• [Problem to work on]
Print the data exactly as written, line for line, and leave its pictures behind.

• [Collected data]
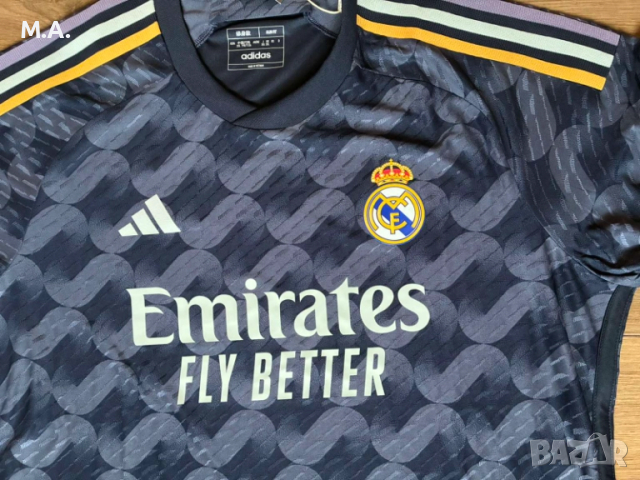 Authentic Екип на Реал Мадрид Размер L, снимка 3 - Футбол - 52332992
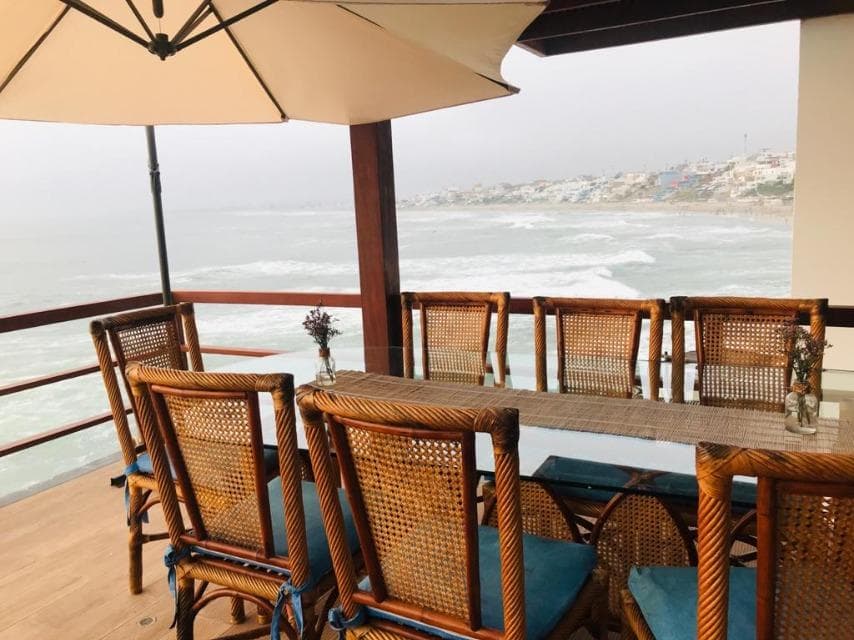 Vendo Hermosa Casa Flat en Malecón Playa Pulpos N 3, Piso 1, km 40, Playa Punta Hermosa - 1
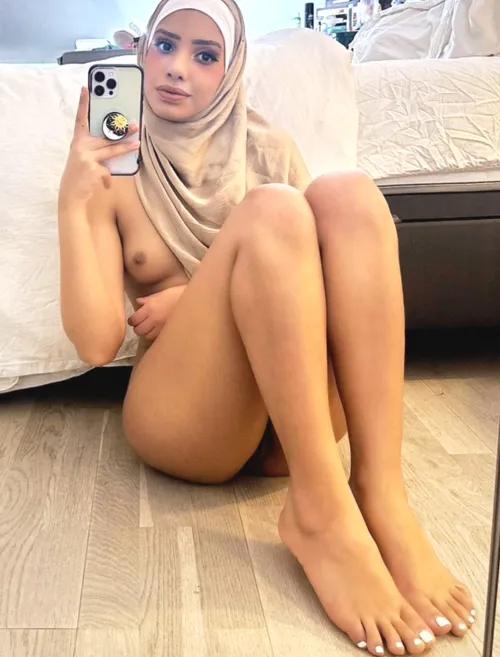 Thumbnail sexy-slut18: Pre-shower Selfie Ritual in Nude_Selfie Delight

• [Answer section]
 Authentic Екип на Реал Мадрид Размер L, снимка 3 - Футбол - 52332992
 Vendo Hermosa Casa Flat en Malecón Playa Pulpos N 3, Piso 1, km 40, Playa Punta Hermosa - 1
 Thumbnail sexy-slut18: Pre-shower Selfie Ritual in Nude_Selfie Delight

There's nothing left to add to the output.